STUDY MATERIAL -

-=-=-

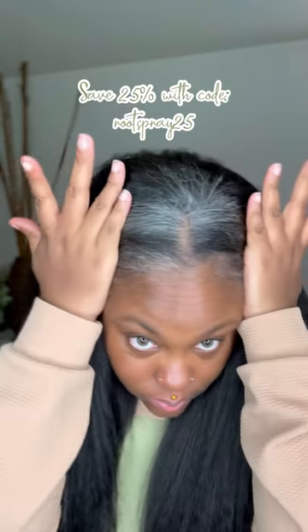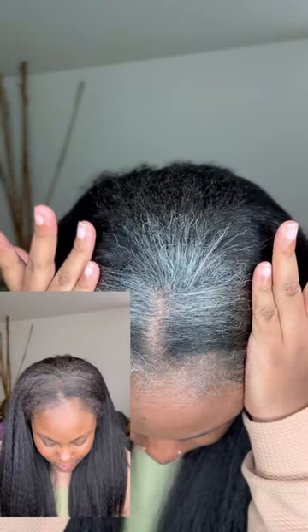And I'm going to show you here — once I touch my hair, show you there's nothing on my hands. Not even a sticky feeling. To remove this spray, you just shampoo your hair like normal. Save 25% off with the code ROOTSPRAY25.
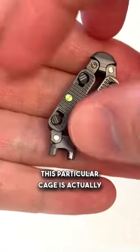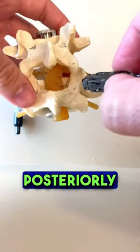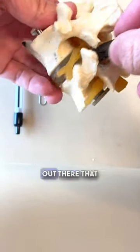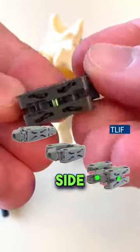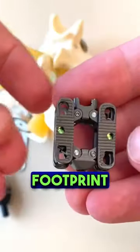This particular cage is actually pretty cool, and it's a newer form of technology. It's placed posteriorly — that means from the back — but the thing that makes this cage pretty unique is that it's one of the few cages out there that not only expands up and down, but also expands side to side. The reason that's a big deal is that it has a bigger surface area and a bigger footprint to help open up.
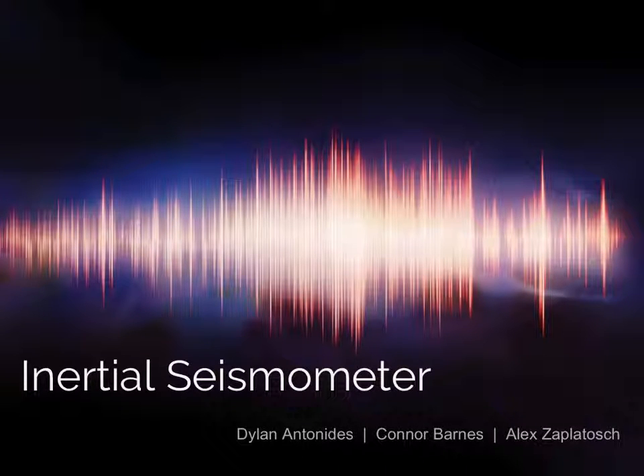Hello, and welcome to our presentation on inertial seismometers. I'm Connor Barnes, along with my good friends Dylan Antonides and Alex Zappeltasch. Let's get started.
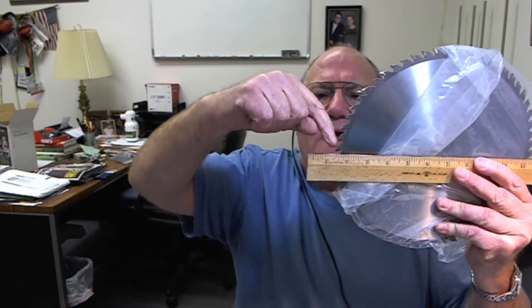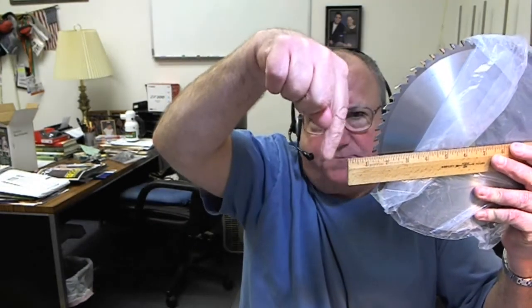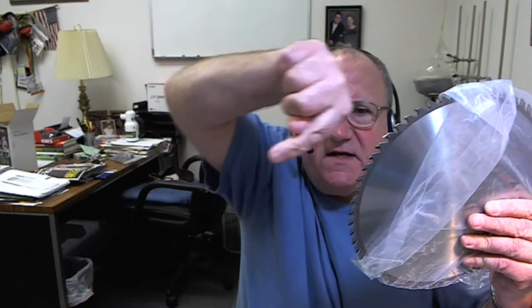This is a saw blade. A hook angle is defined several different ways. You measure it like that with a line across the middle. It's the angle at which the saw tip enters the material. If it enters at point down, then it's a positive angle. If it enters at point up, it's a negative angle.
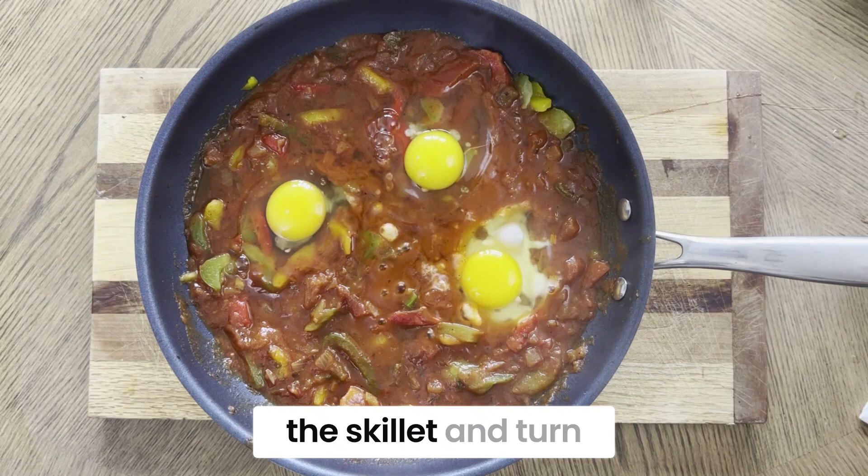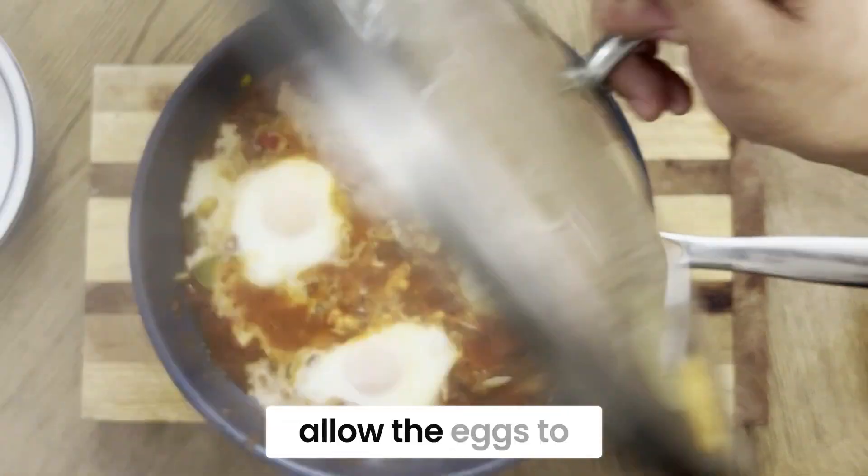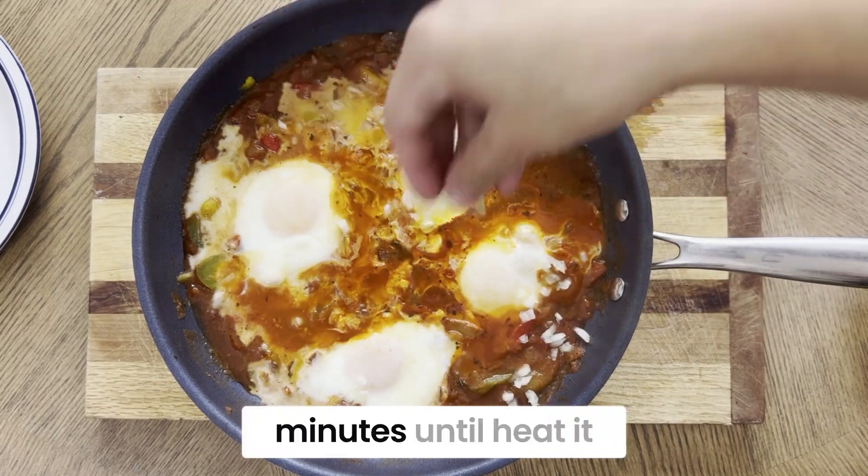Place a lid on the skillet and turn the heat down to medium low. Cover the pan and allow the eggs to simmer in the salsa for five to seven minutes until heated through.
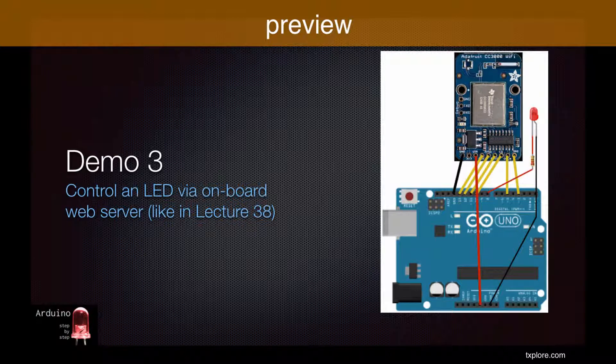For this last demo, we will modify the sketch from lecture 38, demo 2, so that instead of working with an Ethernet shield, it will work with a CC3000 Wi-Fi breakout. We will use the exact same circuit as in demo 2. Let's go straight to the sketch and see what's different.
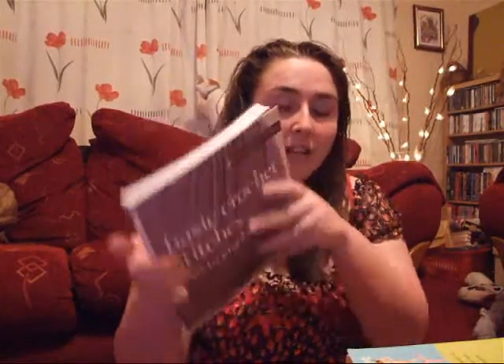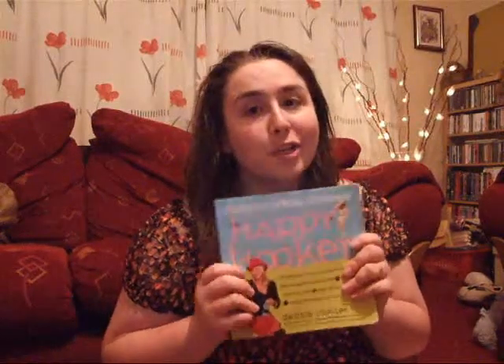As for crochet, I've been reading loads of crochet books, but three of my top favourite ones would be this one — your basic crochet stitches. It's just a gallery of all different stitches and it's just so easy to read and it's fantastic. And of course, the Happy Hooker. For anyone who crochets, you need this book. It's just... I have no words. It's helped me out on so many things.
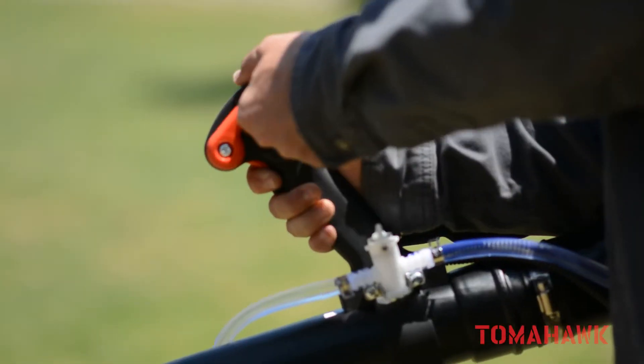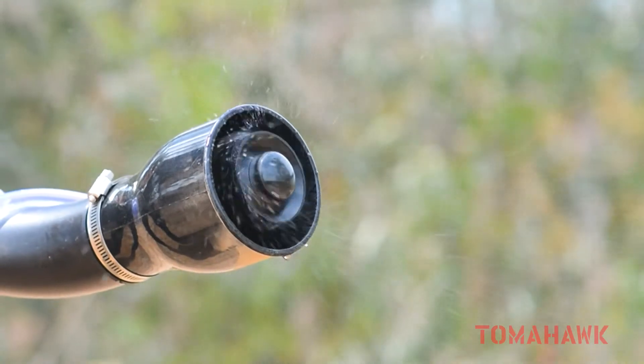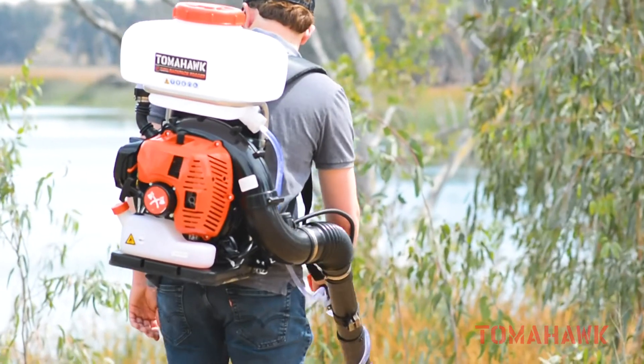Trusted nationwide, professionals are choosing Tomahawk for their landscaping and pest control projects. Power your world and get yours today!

-=-=-

Print only the lines from the one with "As for crochet, I've" through the last line of the data above, exactly and with both ends, and please omit any pictures.

TASK RESPONSE -
As for crochet, I've been reading loads of crochet books, but three of my top favourite ones would be this one — your basic crochet stitches. It's just a gallery of all different stitches and it's just so easy to read and it's fantastic. And of course, the Happy Hooker. For anyone who crochets, you need this book. It's just... I have no words. It's helped me out on so many things.
Trusted nationwide, professionals are choosing Tomahawk for their landscaping and pest control projects. Power your world and get yours today!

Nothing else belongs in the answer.